Auch die Übernahme von VW Trucks & Bus in Brasilien soll aus der Misere helfen, MAN hofft, aus der Transaktion Synergien von 50 Mio bis 70 Mio EUR pro Jahr heben zu können. MAN hatte die VW-Sparte Mitte Dezember übernommen. Die Transaktion, die ein Volumen von rund 1,175 Mrd EUR hatte, soll nach neuesten Aussagen vom Samuelsson im März abgeschlossen werden.

Marktbeobachter zeigten sich von den Viertquartalszahlen enttäuscht. Der Auftragseingang habe die Erwartungen verfehlt, sagten die Analysten Heino Ruland von Ruland Research und Robert Heberger von Merck Finck übereinstimmend. Die Branchenexperten von Sal. Oppenheim bewerten das Ergebnis von MAN aber positiver als die Zahlen der Wettbewerber Volvo und Scania. Dies liege an der größeren Diversifizierung des MAN-Geschäfts. Die beiden schwedischen Lkw-Hersteller hatten Anfang des Monats ihre Quartalsergebnisse vorgelegt. Volvo schrieb im Schlussquartal einen operativen Verlust, das operative Ergebnis von Scania schrumpfte um fast die Hälfte.

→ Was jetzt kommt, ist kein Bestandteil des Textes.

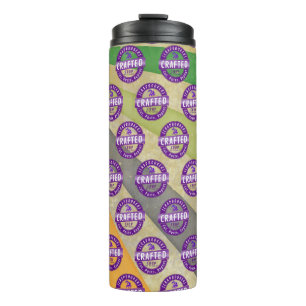 Cropper Scrapbook Crafter Thermal Tumbler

Die MAN-Aktie notiert nach anfänglichen Handelsverlusten am Mittag mit rund 4% im Plus. "Der Kurs war im Vorfeld der Zahlen stark gefallen", so ein Händler. Daher komme es nun zu Rückkäufen. "Der Markt hat in den negativen Erwartungen wohl insgeheim überzogen", begründet ein weiterer Händler die Zugewinne.

Wirtschaftsflaute, Nachfrageeinbruch, Auftragsstornierungen und schwache Zahlen: Die Hersteller von Lkw, Bussen und Transportern stellen sich auf düstere Zeiten ein. Die Reihe an Hiobsbotschaften für die Branche dürfte noch lange nicht am Ende sein. Der Verband der Automobilindustrie (VDA) rechnet damit, dass 2009 selbst der letzte verbliebene Wachstumsmarkt Südamerika einbrechen wird. Nach Einschätzung von Experten könnte allein der europäische Markt um 30% schrumpfen.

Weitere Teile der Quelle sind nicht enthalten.